Google is definitely an advertising company, but they do it well.

------
mkmcdonald
As a developer, I'll outline why I _rationally_ have great contempt for
advertising.

Television, print and radio advertisements have irrevocably caused me to gag
at most advertisements. I can see right though the lies and half-truths that
marketers spin to fool people into buying their mediocre products. Take any
McDonald's ad campaign over the past few years. Note that (at least in Canada)
that no overweight person is ever featured. Somehow, perfectly healthy people
are devouring Big Macs and we're expected to believe it.

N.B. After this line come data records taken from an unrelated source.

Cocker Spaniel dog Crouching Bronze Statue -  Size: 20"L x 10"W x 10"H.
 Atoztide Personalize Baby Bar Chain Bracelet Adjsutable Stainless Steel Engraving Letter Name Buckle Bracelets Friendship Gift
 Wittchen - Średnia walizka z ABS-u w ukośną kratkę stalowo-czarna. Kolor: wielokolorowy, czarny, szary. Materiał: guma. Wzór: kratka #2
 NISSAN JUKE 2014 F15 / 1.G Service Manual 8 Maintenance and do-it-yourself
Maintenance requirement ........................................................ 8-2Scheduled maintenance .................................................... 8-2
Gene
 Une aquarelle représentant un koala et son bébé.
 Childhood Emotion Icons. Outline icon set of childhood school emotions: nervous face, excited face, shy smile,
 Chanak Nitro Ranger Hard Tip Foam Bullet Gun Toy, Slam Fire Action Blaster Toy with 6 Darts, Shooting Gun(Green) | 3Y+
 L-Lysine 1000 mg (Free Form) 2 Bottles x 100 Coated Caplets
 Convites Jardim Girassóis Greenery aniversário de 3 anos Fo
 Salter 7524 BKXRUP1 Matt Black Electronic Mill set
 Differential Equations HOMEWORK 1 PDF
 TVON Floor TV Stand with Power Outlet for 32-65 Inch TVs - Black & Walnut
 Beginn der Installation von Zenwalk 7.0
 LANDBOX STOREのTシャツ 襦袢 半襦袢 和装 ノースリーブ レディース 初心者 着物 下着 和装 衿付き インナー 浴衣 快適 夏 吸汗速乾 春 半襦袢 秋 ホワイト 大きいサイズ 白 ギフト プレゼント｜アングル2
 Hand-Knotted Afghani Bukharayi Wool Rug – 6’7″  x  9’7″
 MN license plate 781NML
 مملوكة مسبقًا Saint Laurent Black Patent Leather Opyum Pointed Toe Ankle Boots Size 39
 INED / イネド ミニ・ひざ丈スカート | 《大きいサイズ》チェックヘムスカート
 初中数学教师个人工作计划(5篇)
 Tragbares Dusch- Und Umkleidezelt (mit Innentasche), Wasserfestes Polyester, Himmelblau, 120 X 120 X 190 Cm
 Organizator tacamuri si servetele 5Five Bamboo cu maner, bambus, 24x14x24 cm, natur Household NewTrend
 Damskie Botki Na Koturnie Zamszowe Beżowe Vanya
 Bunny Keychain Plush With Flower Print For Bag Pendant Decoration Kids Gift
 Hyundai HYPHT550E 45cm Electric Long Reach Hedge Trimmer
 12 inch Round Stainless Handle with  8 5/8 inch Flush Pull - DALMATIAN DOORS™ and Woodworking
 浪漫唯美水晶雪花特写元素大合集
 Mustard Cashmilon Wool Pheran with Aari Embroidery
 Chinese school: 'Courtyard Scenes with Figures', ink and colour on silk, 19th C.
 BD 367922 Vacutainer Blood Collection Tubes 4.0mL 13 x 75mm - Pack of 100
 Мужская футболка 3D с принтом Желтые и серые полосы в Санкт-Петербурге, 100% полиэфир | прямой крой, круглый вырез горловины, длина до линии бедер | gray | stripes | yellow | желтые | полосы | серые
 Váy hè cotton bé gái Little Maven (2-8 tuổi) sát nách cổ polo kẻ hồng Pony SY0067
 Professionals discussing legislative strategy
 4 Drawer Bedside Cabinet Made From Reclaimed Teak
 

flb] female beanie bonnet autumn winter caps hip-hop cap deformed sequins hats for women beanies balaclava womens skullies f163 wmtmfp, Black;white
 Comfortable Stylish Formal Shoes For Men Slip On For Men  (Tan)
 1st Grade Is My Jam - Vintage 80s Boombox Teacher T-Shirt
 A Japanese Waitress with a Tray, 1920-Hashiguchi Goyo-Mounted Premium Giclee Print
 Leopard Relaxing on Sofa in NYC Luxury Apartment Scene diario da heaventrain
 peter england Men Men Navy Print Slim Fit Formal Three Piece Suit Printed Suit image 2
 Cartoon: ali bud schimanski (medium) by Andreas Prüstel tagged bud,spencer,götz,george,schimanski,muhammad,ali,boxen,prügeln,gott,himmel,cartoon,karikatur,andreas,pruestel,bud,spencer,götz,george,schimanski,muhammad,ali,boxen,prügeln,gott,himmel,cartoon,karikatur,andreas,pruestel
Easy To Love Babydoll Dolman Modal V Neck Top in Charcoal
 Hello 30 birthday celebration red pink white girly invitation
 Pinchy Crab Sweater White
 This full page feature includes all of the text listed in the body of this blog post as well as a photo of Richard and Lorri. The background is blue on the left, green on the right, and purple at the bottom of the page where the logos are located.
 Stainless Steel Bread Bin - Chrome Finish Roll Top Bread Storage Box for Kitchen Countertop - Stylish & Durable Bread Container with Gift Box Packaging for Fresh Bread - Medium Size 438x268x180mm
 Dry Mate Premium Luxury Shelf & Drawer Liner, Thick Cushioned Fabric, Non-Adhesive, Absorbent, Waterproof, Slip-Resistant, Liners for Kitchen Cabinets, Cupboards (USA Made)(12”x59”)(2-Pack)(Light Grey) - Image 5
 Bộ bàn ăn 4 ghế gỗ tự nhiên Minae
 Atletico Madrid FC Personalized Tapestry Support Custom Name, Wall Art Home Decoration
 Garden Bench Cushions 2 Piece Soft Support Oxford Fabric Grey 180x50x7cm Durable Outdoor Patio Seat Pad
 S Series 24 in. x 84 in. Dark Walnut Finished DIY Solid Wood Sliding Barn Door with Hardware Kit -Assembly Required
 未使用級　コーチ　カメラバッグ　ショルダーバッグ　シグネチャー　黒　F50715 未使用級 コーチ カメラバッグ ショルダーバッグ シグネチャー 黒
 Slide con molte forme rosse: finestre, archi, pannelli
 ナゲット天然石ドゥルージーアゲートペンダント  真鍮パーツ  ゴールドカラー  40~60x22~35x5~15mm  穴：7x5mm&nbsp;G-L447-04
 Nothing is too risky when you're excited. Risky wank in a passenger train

Advertisements now often rely heavily on sexual overtones. Web advertisements
are quite guilty as well. As an adult male with a functioning brain, I find
ads that rely on sexuality disgusting. I wasn't compelled to purchase alcohol
before the commercial came on, and now I'm thoroughly repulsed. Decrement
another point of respect for marketers.

I'm also disturbed by ad companies tracking me whenever possible. I read a
forum thread on a public computer which described a custom suit company. For
the next week, I was inundated with ads for that company on the same computer.
I do not seek "personalization" as I never intentionally click on ads. If I
want something, I'll go out and look for it. On my own computer, I block as
many ad servers as I can through my hosts file.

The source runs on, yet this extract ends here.